Hoja cinco: Cala mi muerte.
De pequeña salvé muchas cosas. Logré sacar recuerdos, memorias, aquellas que me protegían en su mayoría. Muy raramente las que me pertubaban.
Recuerdo a mi mamá, amante de las calas, de allí mi nombre. Todas las mañanas salía al patio, a tomar mate, o té cuando le caía pesada la cena de la noche anterior. Tomaba diez minutos de todas sus mañanas para cuidar sus plantas.

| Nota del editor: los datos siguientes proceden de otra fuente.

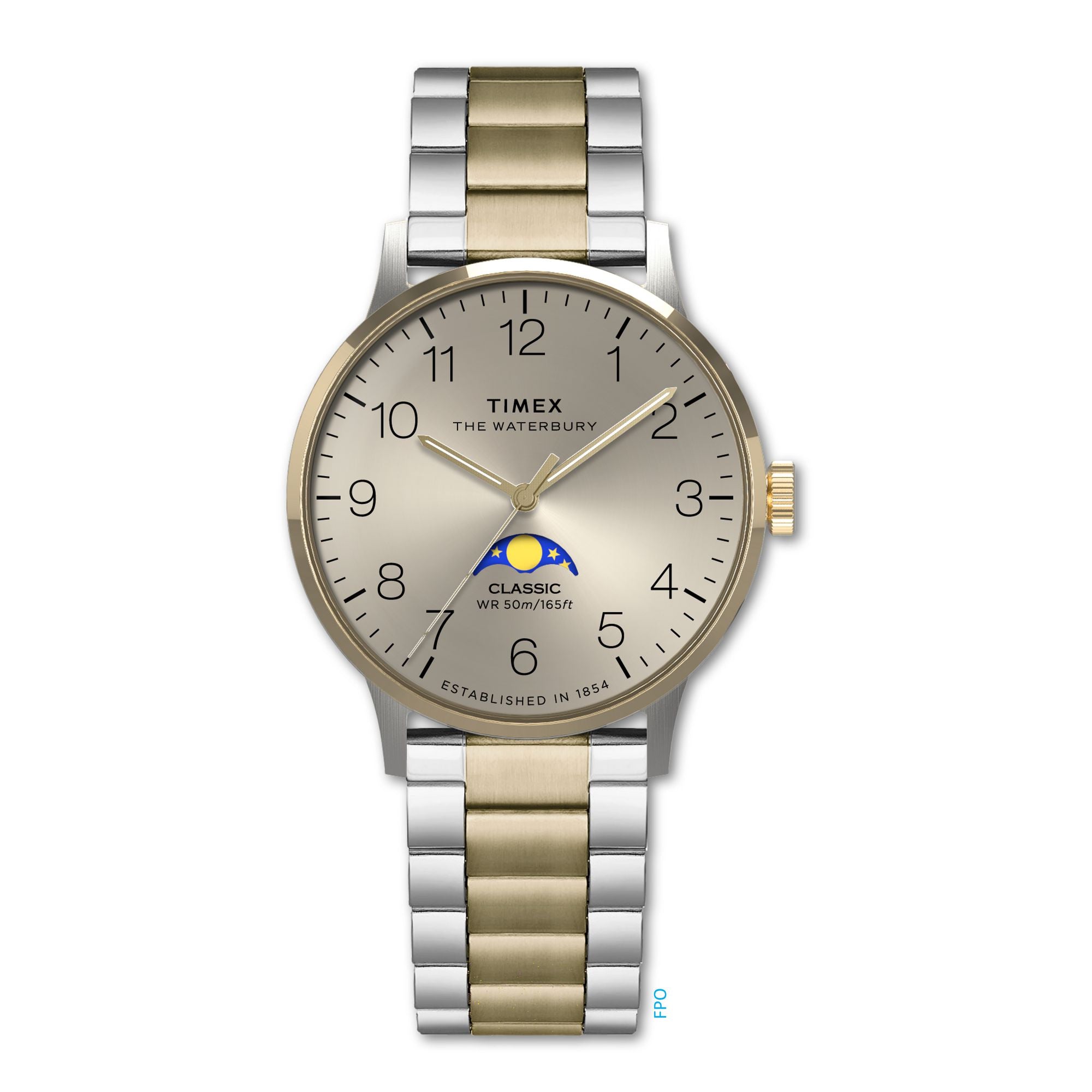 Timex Waterbury Champagne Round Dial Quartz Analog Men Watch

Yo miraba atenta esas manos arregladas, las que cuidaba siempre con guantes. Las uñas pintadas de un rojo vino oscuro, potente. Que muchas veces sangraban, del mismo color. Dedos flacos y huesudos, problablemente por la misma razón por la que estuvo en cama tantos años.
Un día la llamaron a la puerta, un hombre alto y robusto. 'Cuervos' dijo ella algo fastidiada, levantándose de la reposera de tela de playa. Le venían a entregar una carta, un comunicado. Tenía la oportunidad de reclamar una herencia, una de esas que parecen increíbles. Pero ella tiró el sobre blanco con estampilla a la calle, no quiso saber nada.

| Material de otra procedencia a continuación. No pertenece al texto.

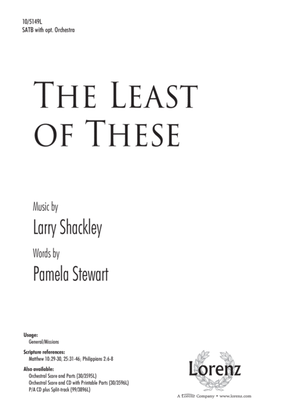 Book cover for The Least of These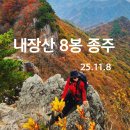 나곡초교입구 삼거리(상가쪽) | 내장산 8봉 종주 단풍 절정 가을 등산 코스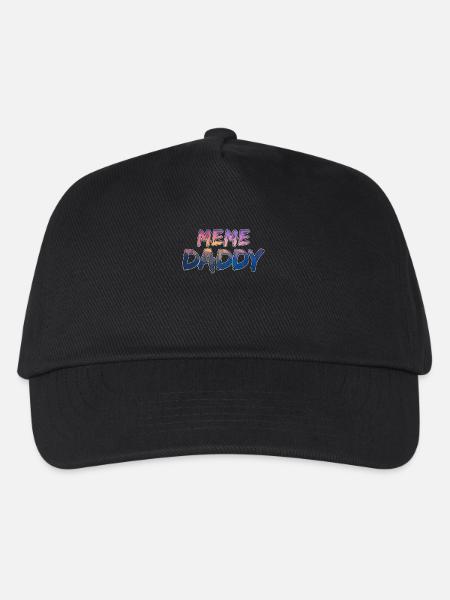Colorful Meme Daddy - Kinder Basecap - Schwarz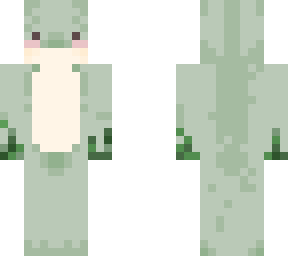 frog with moss on hands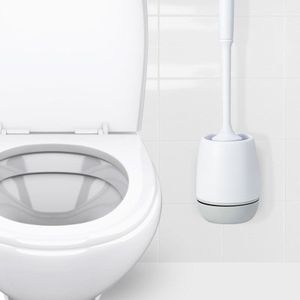 Siliconen Toiletborstel Muur Gemonteerde Badkamer Wc Borstel Houder Set Schoonmaken Tool Duurzaam Plastic Rubber Badkamer Accessoires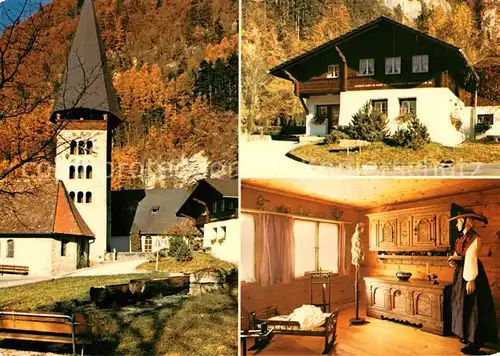 AK / Ansichtskarte Meiringen_BE Kirche und Landschaftsmuseum Haslital Meiringen BE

Y se volvió a revolver la tierra de esas flores blancas, que a mí me gustaba relacionar con las hadas.
Cuando comenzamos a visitar el cementerio, mamá me explicó que había fallecido el tío Amelio, ese famoso hombre viejo que venía de vez en cuando a casa. Que dejaba tirados los envases de cerveza abajo de la mesa, y que de vez en cuando me miraba la cola cuando pasaba, así como hacía con mis primas más grandes.
Mamá había cortado algunas de las calas del jardín, de esas que abundaban. No entendía porqué le dabamos esas hermosas flores que aún seguían creciendo. Nunca le tuve cariño a ese hombre. Siempre lo voy a recordar con olor al cementerio de Recoleta, de color gris, con calas en la cabeza.
Ya de grande, con unos doce años el proceso se repitió. Mamá cortó tres calas, nos subió al auto a mí y a mis hermanos y nos atravesamos Buenos Aires para terminar en el mismo lugar. Esa vez era la esposa del tío. Había muerto de tristeza, me explicó papá ese día.
Nunca le entendí. Pero esa vez lloré, porque era una mujer muy hermosa, muy alegre. Esa vez decidí guardarla en mi corazón con olor a rosas, las mismas que reposaban en la tumba de atrás.
Una vez por año ibamos a verlos, a sus restos. Cortabamos calas, las uníamos con un hilo negro y las recostabamos en el cemento gris.
Y ahora las calas, que solían ser mis flores tiernas, son nada más y nada menos que las flores de la muerte.